Welche weiteren Tipps oder Ratschläge würdest du anderen KulturmangerInnen für eine Karriere im Kulturbetrieb mitgeben?
 
DS: Es ist wichtig, eine gute Balance zu finden zwischen dem Bauchgefühl und einem bewussten strategischen Handeln und Entscheiden, sich mit den eigenen Voraussetzungen auseinanderzusetzen, mit den Gegebenheiten, den Möglichkeiten und dem Umfeld. Man sollte sich orientieren, wo es Nischen gibt, welche Talente und Neigungen man hat, was einem Spaß macht und interessiert. Und dann muss man schauen, was man damit anfangen kann. Also sollte man von Beginn an etwas strategischer denken als ich damals und sich informieren, welche Berufsbilder es gibt und was man dafür braucht. Und viel mit Leuten reden. Die können vielleicht keine direkten Karriere-Tipps geben, weil man nicht zweimal denselben Weg gehen kann. Aber sie können einem sagen, was wichtige Aspekte und Inhalte ihrer Arbeit sind, die einen weiterbringen. So kann man ganz gut die eigene Karriere planen.
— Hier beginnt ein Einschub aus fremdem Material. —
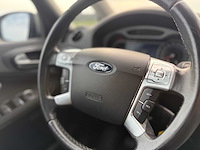 Ford - 2008 - s-max - 2.0-16v - 41-zn-hh - afbeelding 1 van  2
Vor allem, da der Arbeitsmarkt heute stärker in Richtung der Arbeitnehmer geht, die sich immer häufiger aussuchen können, wo sie arbeiten wollen. Es gibt die unterschiedlichsten Möglichkeiten zu arbeiten und das muss man sich klarmachen und selektieren. Ein bisschen Glück, zur "richtigen Zeit am richtigen Ort" zu sein, hilft aber auch.
 
 
Die Interviews führte Kristin Oswald.